Attaching a pic...

It's 5:00 in the morning. My brain is breaking speed records... I'm TiredWired... I'm very awake... and I have this incredible need for 3 Chili-Cheese Doggies with onions. Is it possible to hyperfocus on not being able to hyperfocus? I have intense concentration on my lack of ability to have intense concentration. Now... I've talked to my cat about this issue... and Mr. Bubby agrees... if I just make these chili-cheese dogs... I'll feel a lot better. No, really. Ask him. Of course... it probably has nothing to do with the fact that he actually likes chili cheese dogs. Just hold 'em next to his mouth... and the old boy takes it from there. Yeah... it's an early breakfast for me. Good morning, y'all.

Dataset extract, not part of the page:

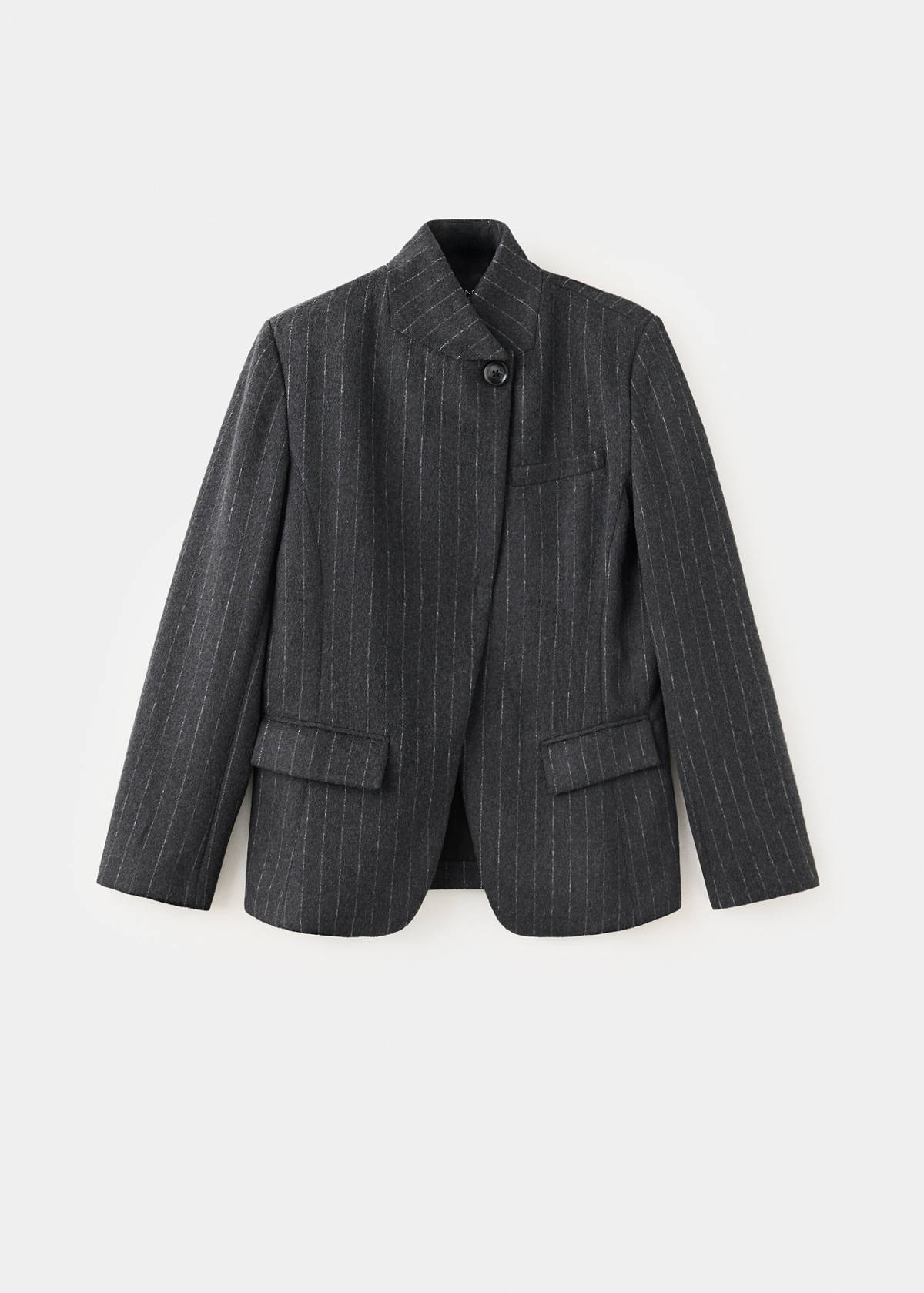 Wool blazer with a high collar — Grey
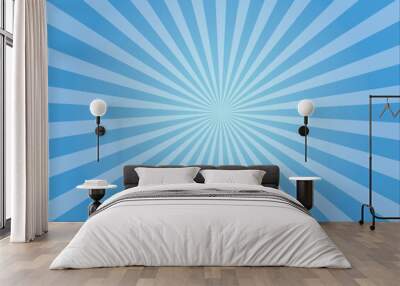 stock illustration - halftone sunshine background,abstract blue sunshine background.sunburst and gra Wall mural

Sometimes the world just moves too fast for me. I gotta stop watching the news, man. I live a slow life. I don't handle over-stimulation... so I keep the residence dark when I can... play a lot of beach and rain sound effects. I expose myself to louder noises only when I'm working. There's nothing that SHOULD leave me feeling like I do now. But I spend a lot of time in a dark room in a bed because nothing is moving me to do the things I love to do. I AM NOT depressed... like... that deep feeling you get in your heart that travels to your brain in the form of feeling "hopeless" or suicidal or... whaever. I just feel like so many things are changing, you know? I think of it like a person....who is just on his balcony and he sees this tsumami in the distance... this wall ...that is taller than any mountain he's ever seen. And he knows... intellectually... he GETS that this thing is gonna smoooosh the shit outta him within the next 3 to 5 minutes. Now... he can run... but fuck it.... WHERE can he go where it's not gonna catch up to him? He can climb to the rooftops... but... same difference. So... he calmly walks downstairs... kicks back in his favorite recliner... and just stares at the pictures of all his memories on the wall. His children... his wife. And he waits. He doesn't cry... he doesn't FEAR anything. There's nothing left inside of him. Except awareness. I feel like I've been living in that moment for quite a while now. So it's time to sleep again. I'll see you all tomorrow.